PMBOK Risk Management

  • Project lifecycle integration addresses risks from initiation through planning, execution, monitoring, and closure phases
  • Six-process structure: plan risk management, identify risks, perform qualitative analysis, perform quantitative analysis, plan risk responses, and monitor risks
  • Schedule and budget focus—particularly concerned with risks affecting project timelines, costs, scope, and quality deliverables

IRM Risk Management Standard

  • Professional practice guidance developed by risk management practitioners for practitioners across all industries
  • Framework integration emphasis—designed to complement rather than replace other standards like ISO 31000
  • Communication and reporting focus provides detailed guidance on how to present risk information to different stakeholder audiences

Compare: PMBOK vs. IRM Standard—PMBOK applies specifically to temporary endeavors with defined endpoints (projects), while IRM provides ongoing organizational guidance. A construction project uses PMBOK; the construction company's overall risk program uses IRM.

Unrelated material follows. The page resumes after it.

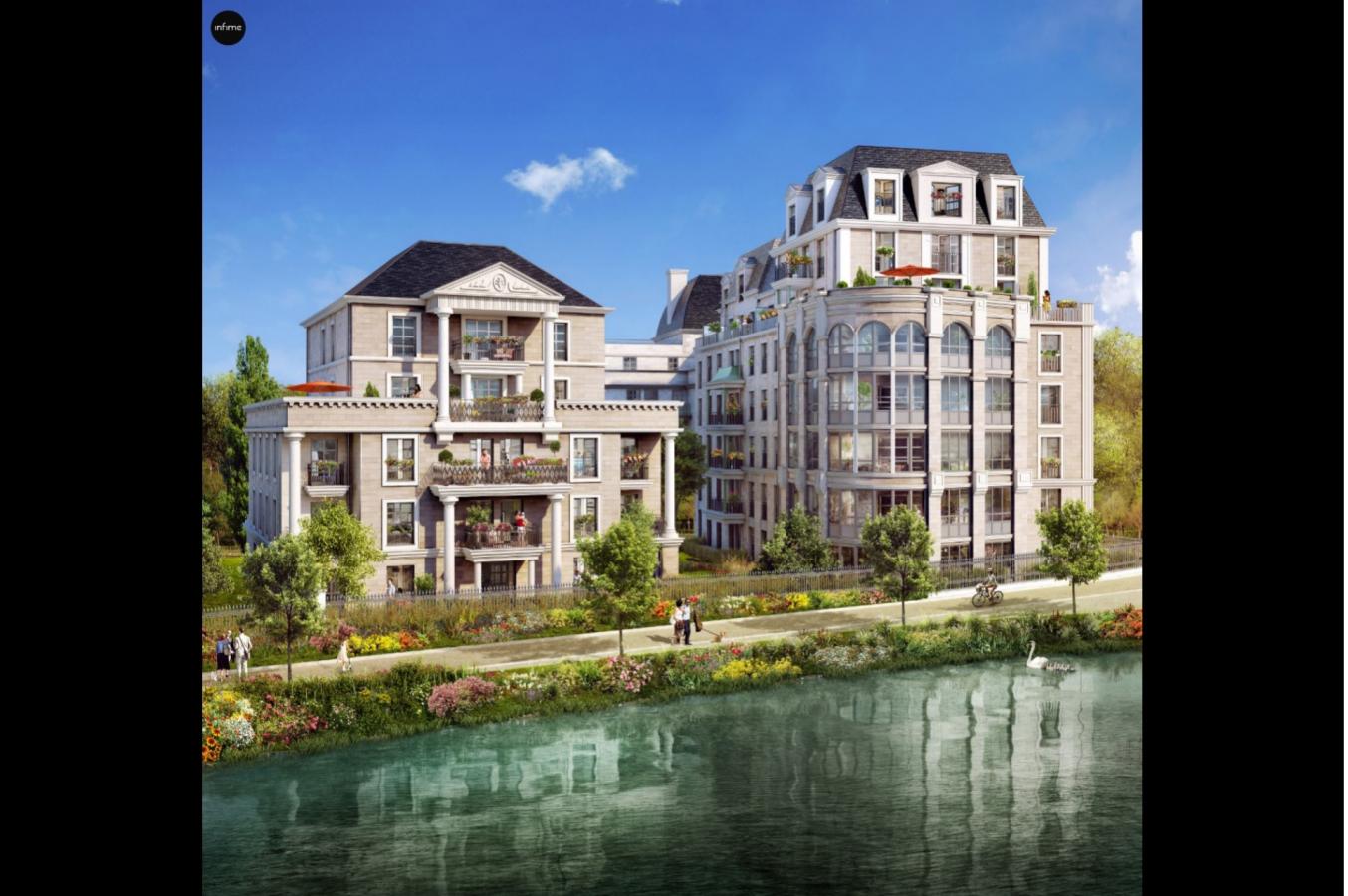 
																			4 pièces - 
																		1er étage - 86m² - 1 867,48 € - Photo #0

Maturity and Improvement Frameworks

These frameworks help organizations evaluate their current risk management capabilities and chart a path toward greater sophistication.

RIMS Risk Maturity Model

  • Capability assessment tool that evaluates risk management practices across seven key attributes including ERM-based approach, process management, and root cause discipline
  • Maturity levels range from ad hoc (reactive, inconsistent) to leadership (risk-intelligent decision-making embedded throughout the organization)
  • Benchmarking capability allows organizations to compare their maturity against industry peers and identify specific improvement priorities

Compare: RIMS Risk Maturity Model vs. COSO ERM—COSO tells you what good enterprise risk management looks like, while RIMS helps you assess how well you're currently doing it. Use COSO to design your program; use RIMS to evaluate its effectiveness.

Quick Reference Table

ConceptBest Examples
Enterprise-wide applicabilityISO 31000, COSO ERM, AS/NZS 4360
Federal/government complianceNIST RMF
IT governance alignmentCOBIT
Quantitative financial analysisFAIR
Self-assessment methodologyOCTAVE
Project-specific risk managementPMBOK
Professional practice standardsIRM Standard
Maturity evaluationRIMS Risk Maturity Model

Self-Check Questions

  1. An organization wants to express cybersecurity risks in dollar terms for a board presentation. Which framework provides the most appropriate methodology, and what factors would it analyze?

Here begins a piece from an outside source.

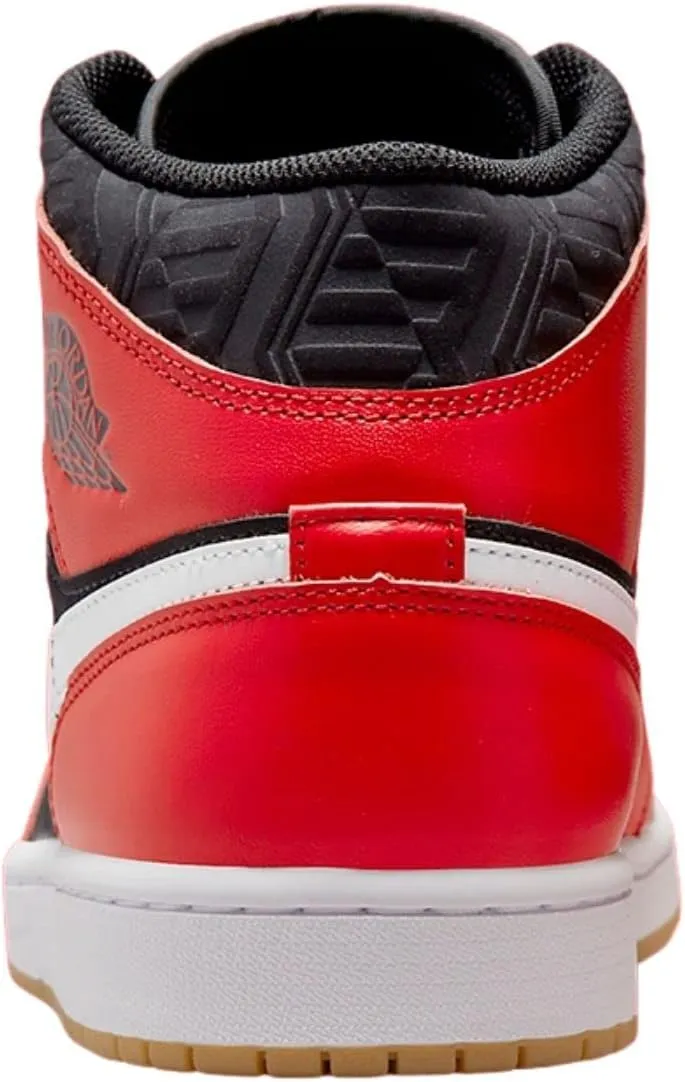 Nike Air Jordan 1 Mid SE Mens Shoes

  2. Compare and contrast NIST RMF and COBIT: What type of organization would prioritize each, and what fundamental difference in focus distinguishes them?

  3. A mid-sized company has never formally assessed its risk management capabilities and wants to benchmark against industry standards. Which framework would help them evaluate their current maturity level?

  4. Which two frameworks served as foundational influences on modern risk management standards, and how do their scopes differ?

  5. A project manager needs to integrate risk management into a two-year software development initiative. Which framework provides the most relevant guidance, and what six processes would they implement?